- DESCRIPTION OF THE TASK -
Starting from the top of the entries below and ending with the line containing "CAT 988H Hjullastare", restate every line word for word, pictures omitted.

== DATA EXCERPTS ==

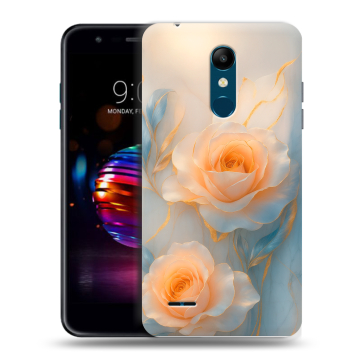 Силиконовый чехол на LG K11 Plus с принтом Женский Силиконовый чехол на LG K11 Plus с принтом Женский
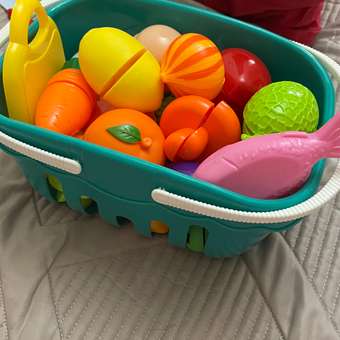 Игровой набор Demi Star Корзина продуктов 30 предм.: отзыв пользователя Детский Мир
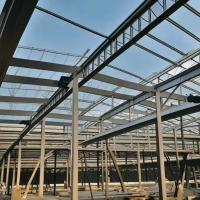 Prefabricado Industrial H Estrutura de aço Quadro Edifício Armazém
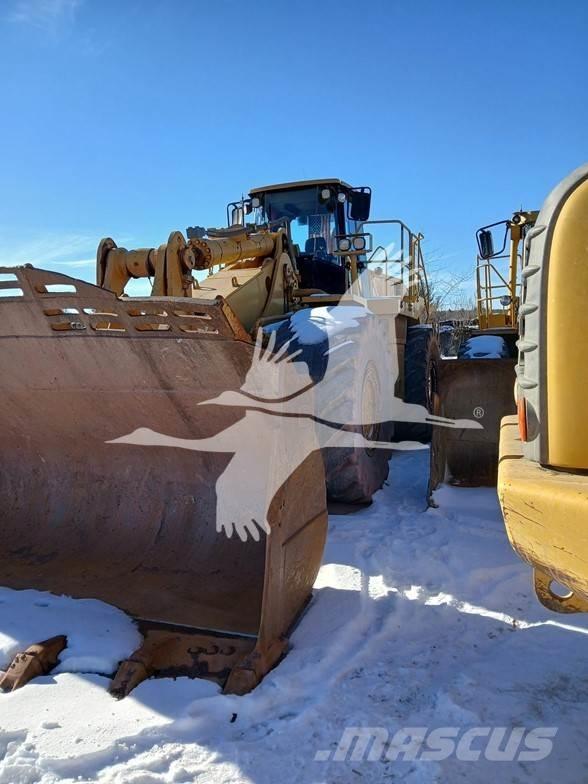 CAT 988H Hjullastare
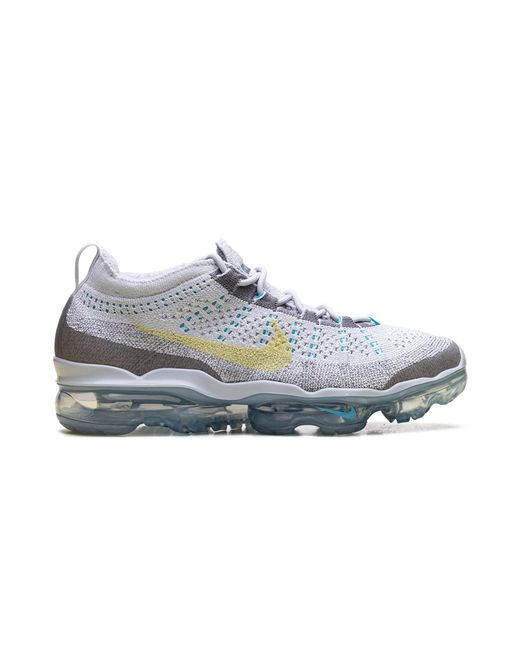 Nike Black Air Vapormax Flyknit "2023 Photon Dusty Cactus" Dv1678 011" for men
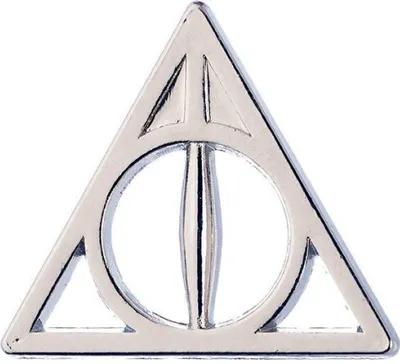 Image de The Carat Shop - Premium Pin Badge Harry Potter Deathly Hallows Akcesorium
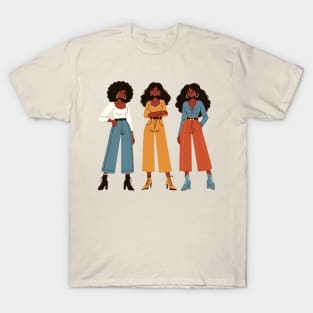 Beautiful black women T-Shirt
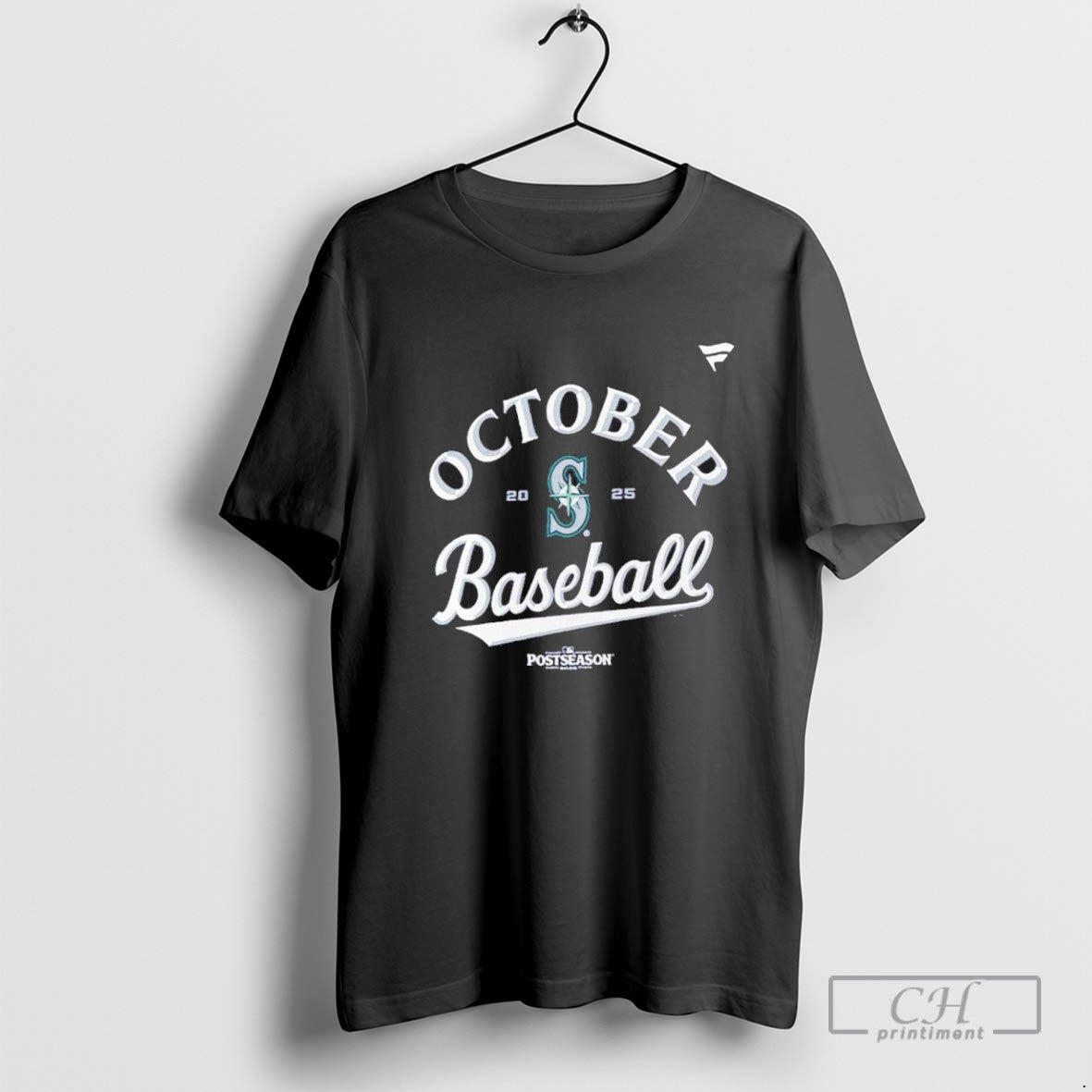 October Playoff Participant Seattle Baseball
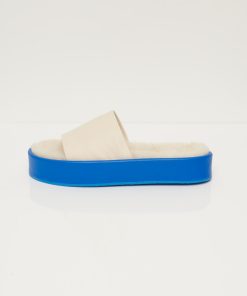 Tilbehor Jakke | Leah Slide Blue Cream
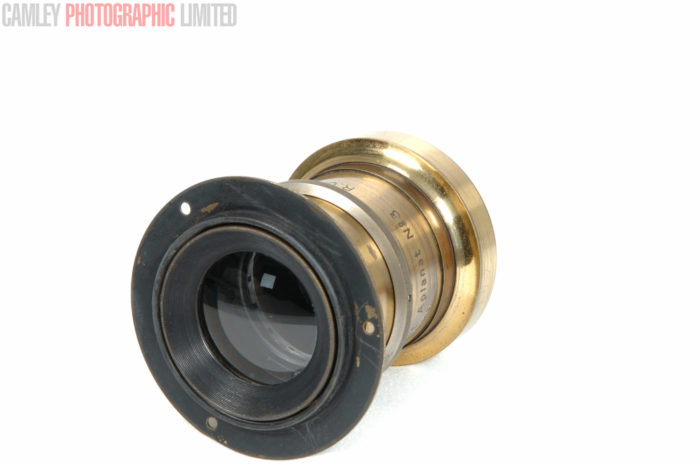 Buschs Portrait Aplanat Brass Lens No.3 f6 11 inch. Graded: EXC+ [#8252] - Image 7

===

- ANSWER TO THIS TASK -
 Силиконовый чехол на LG K11 Plus с принтом Женский Силиконовый чехол на LG K11 Plus с принтом Женский
 Игровой набор Demi Star Корзина продуктов 30 предм.: отзыв пользователя Детский Мир
 Prefabricado Industrial H Estrutura de aço Quadro Edifício Armazém
 CAT 988H Hjullastare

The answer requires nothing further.